Line by line, give the data again exactly as it appears, but without pictures.
::: COLLECTED DATA :::
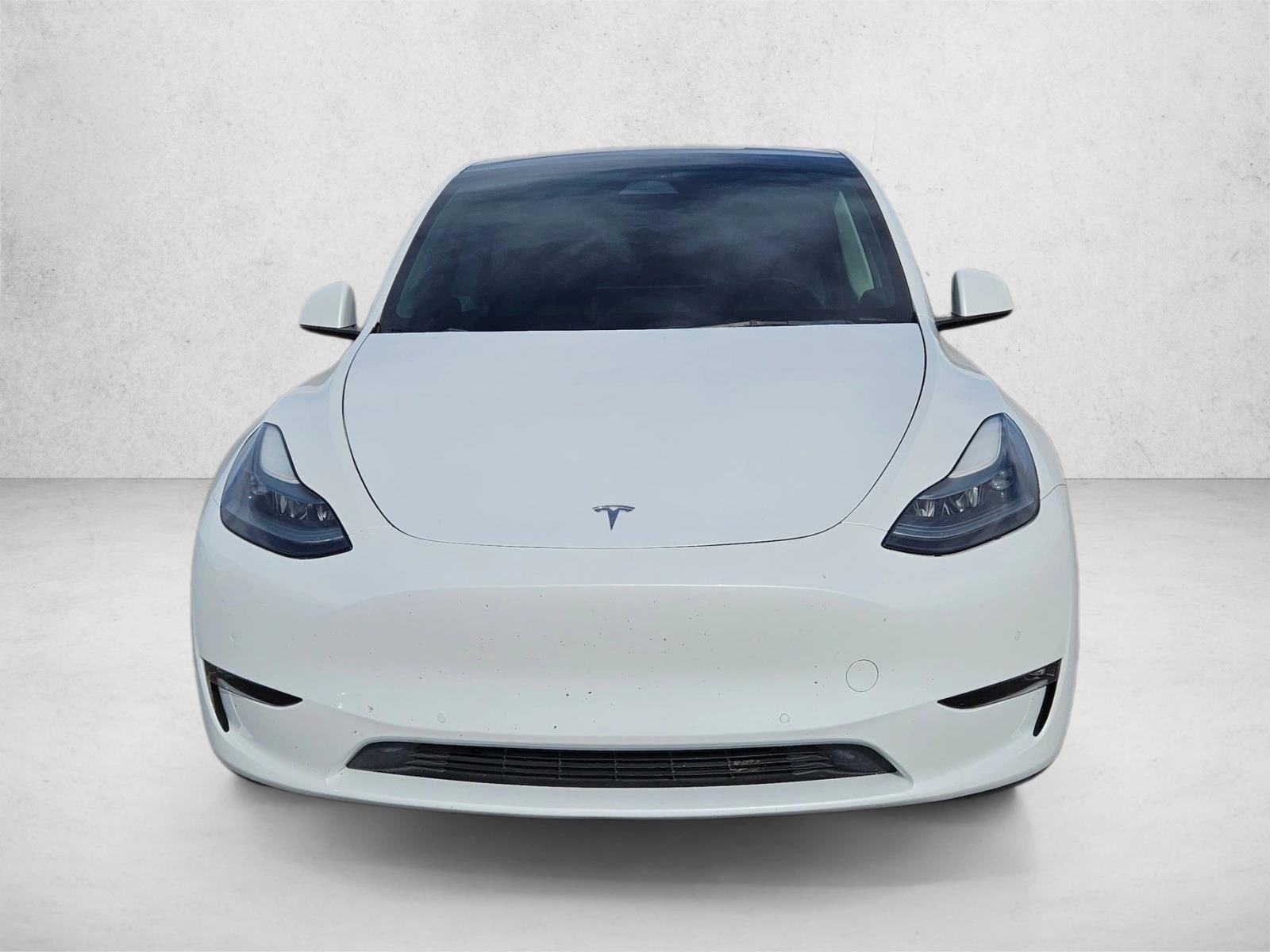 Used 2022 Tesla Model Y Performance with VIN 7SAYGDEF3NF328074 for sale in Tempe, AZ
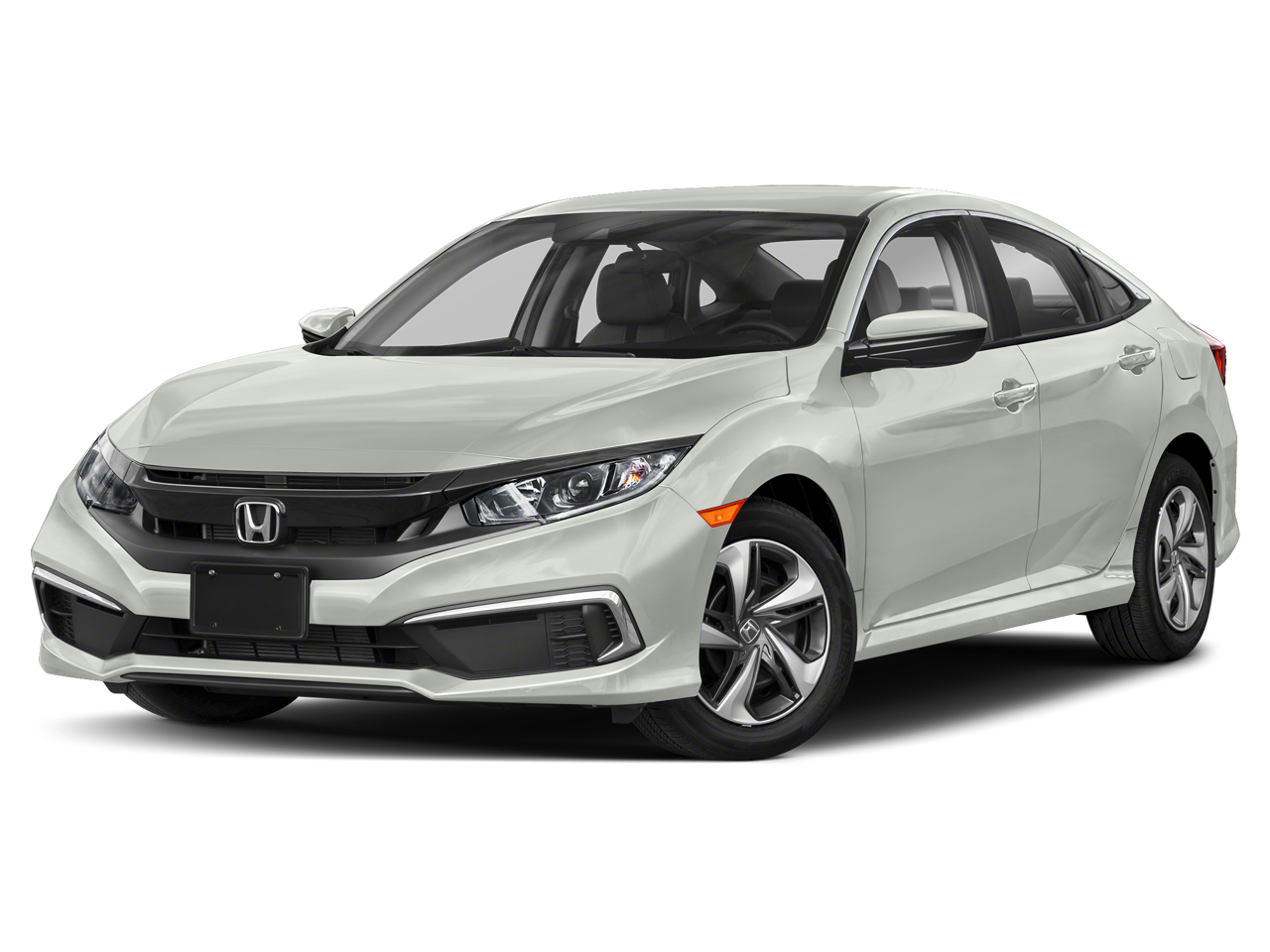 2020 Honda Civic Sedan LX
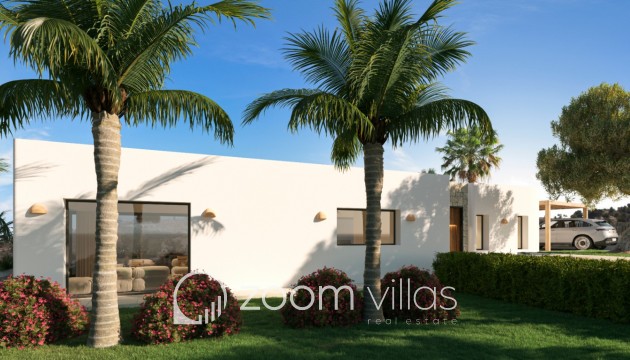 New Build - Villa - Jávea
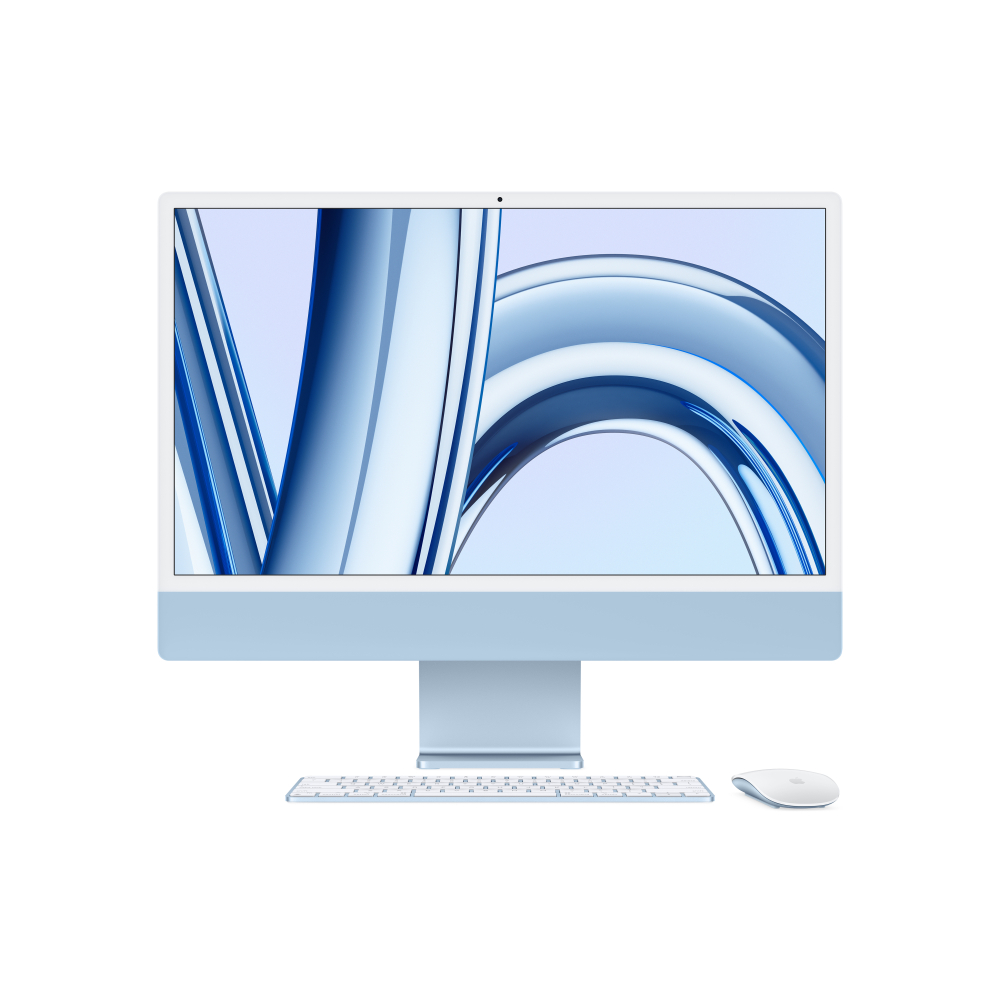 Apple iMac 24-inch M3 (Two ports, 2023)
:::
**TASK RESULT**
 Used 2022 Tesla Model Y Performance with VIN 7SAYGDEF3NF328074 for sale in Tempe, AZ
 2020 Honda Civic Sedan LX
 New Build - Villa - Jávea
 Apple iMac 24-inch M3 (Two ports, 2023)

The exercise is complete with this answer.